La recherche de cofinancements se fera auprès des nombreux dispositifs existants : fonds européens, Contrat de Relance et de Transition Ecologique, appels à projets du Plan National Alimentaire, aides de la Région Nouvelle-Aquitaine et l’ADEME (qui soutient les PAT ayant un fort volet environnemental).
Des producteurs souhaitant participer activement
Jean-Baptiste Lacombe (Le Potager du Roi) s’est félicité de la perspective de ce PAT qui devrait faire bouger les choses, en précisant : « Au-delà du PAT, dans l’esprit du projet agricole de l’île de Ré, il faudrait s’intéresser de près à tous les enjeux, à commencer par la question du foncier, qui est le premier d’entre eux, avec la spéculation qui continue. Dans le concret, c’est assez difficile de se développer, nous avons beaucoup échangé entre maraîchers. Il faut que le PLUi offre les opportunités nécessaires. Par ailleurs, il ne faut pas aborder l’aspect agricole sans son enjeu environnemental. L’île de Ré est à 100 % à enjeu environnemental. La démarche Bio sera-t-elle privilégiée ? Le projet agricole de l’île doit être en symbiose avec son projet environnemental, or parfois ils s’opposent, ils ne sont pas toujours compatibles. Il n’existe pas de coopérative de maraîchage, peut-être cela se fera. »

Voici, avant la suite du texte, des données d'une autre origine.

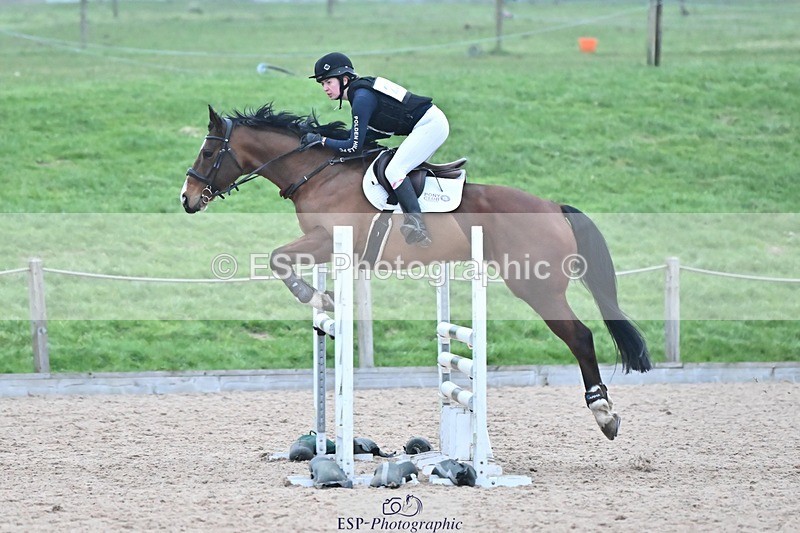 250118-161425-02006 - Cls 4 100cm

Francis Vion (Maraîcher à Loix) a estimé que les choses avaient « énormément évolué depuis 25 ans, on est à notre écoute, on peut faire certaines choses impossibles avant ». Saunier indépendant, Louis Merlin a rappelé les avancées, comme par exemple la confusion sexuelle des vignes, un vrai succès, regrettant toutefois une agriculture encore « clivée » et rappelant le travail resté parfois lettre morte du GDAD (Groupement pour le développement d’une agriculture durable) ayant, par exemple, poussé pour que soit décrétée une alimentation locale dans les crèches…
Albane Perrin (Estancia Bel Air), qui cultive 5 ha de plantes aromatiques à la pointe du Grouin et commercialise aussi des produits transformés, estime qu’ « outre le foncier, l’irrigation et le stockage, le matériel agricole est un vrai sujet. »

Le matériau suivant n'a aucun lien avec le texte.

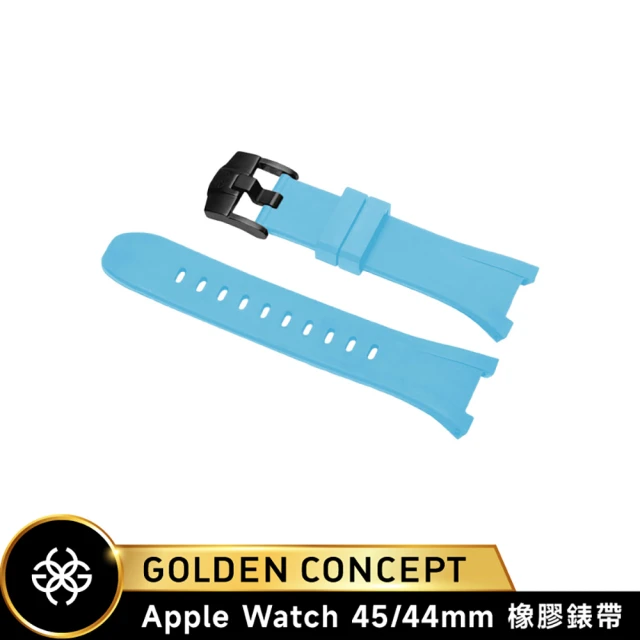 Golden Concept Apple Watch 40/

« On est dans une vision à 30 ans, on attend aussi qu’une génération s’en aille pour récupérer des terres. La SCI Sagiterres de la coopérative Uniré achète beaucoup, preuve qu’il y a du foncier. La vraie difficulté clé est de trouver la juste répartition entre les activités agricoles : maraîchage, vignes, pomme de terre, sachant que le maraîchage est celle qui a le plus besoin de se développer. Ce sera l’objet du CIGALE 2 », a conclu Lionel Quillet.
« Le PAT est une coquille, on y met ce que l’on veut dedans » ont tenu à préciser les producteurs présents, ravis de cette perspective du PAT, tout en restant vigilants sur la démarche qui va démarrer. Il est vrai que l’île de Ré a la chance d’avoir des maraîchers et professionnels de la terre et de la mer d’une grande richesse de réflexion, souvent forts d’un parcours varié, dotés de nombreuses compétences. Le PAT aura d’autant plus de chance de répondre in fine aux principaux objectifs poursuivis, qu’il les associera étroitement à la démarche.
*Etaient présents, outre Laurent Benuzzi (Les Rondes de Ré, La Couarde), Jean-Baptiste Lacombe (Le Potager du Roi au Bois-Plage), Mathilde Fumeron et Céline Landret (La Ferme des Producteurs Réunis au Bois-Plage), Francis Vion (maraîcher à Loix), Louis Merlin (saunier indépendant à Ars), Albane Perrin (plantes aromatiques Estancia Bel Air, à Loix) et Sylvain Caterino (maraîcher à La Couarde).